— Raw data —
- Opening Delimiter -
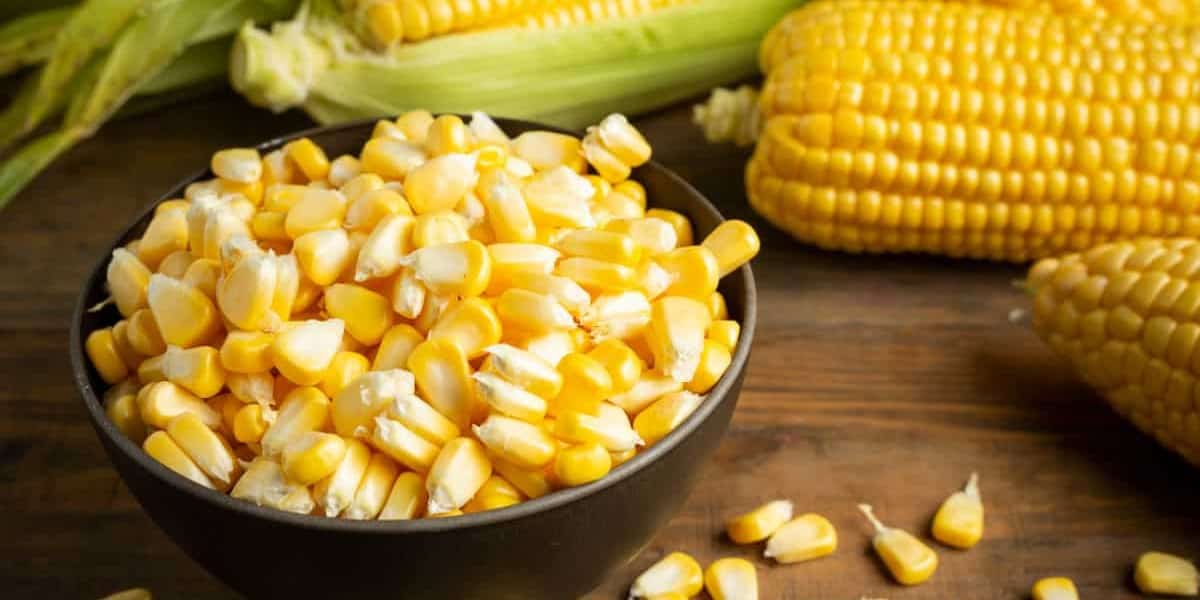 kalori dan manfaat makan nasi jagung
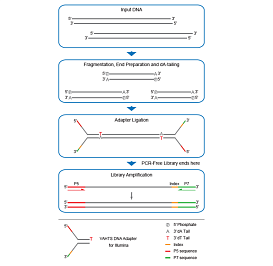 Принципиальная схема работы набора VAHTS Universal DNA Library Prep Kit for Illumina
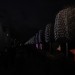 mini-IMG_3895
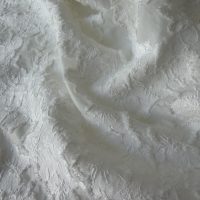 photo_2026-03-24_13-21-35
- Closing Delimiter -
- Opening Delimiter -
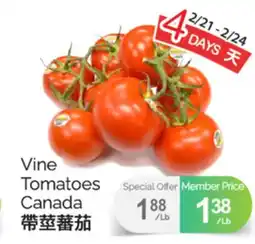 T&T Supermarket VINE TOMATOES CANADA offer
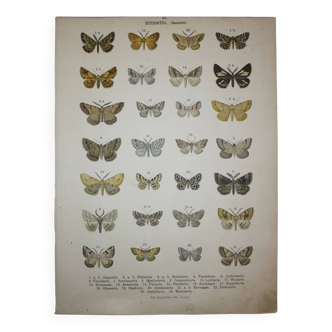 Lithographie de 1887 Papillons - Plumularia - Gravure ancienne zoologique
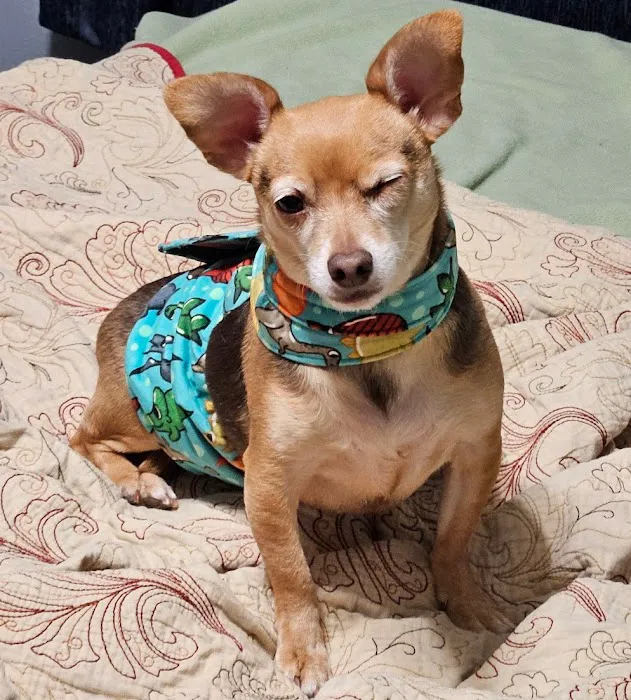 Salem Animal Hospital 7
- Closing Delimiter -
— Required action —
Set down again, word for word, every line from the one with "Lithographie de 1887" to the one with "Salem Animal Hospital 7" in the entries above, and omit the pictures.

— Task solution —
 Lithographie de 1887 Papillons - Plumularia - Gravure ancienne zoologique
 Salem Animal Hospital 7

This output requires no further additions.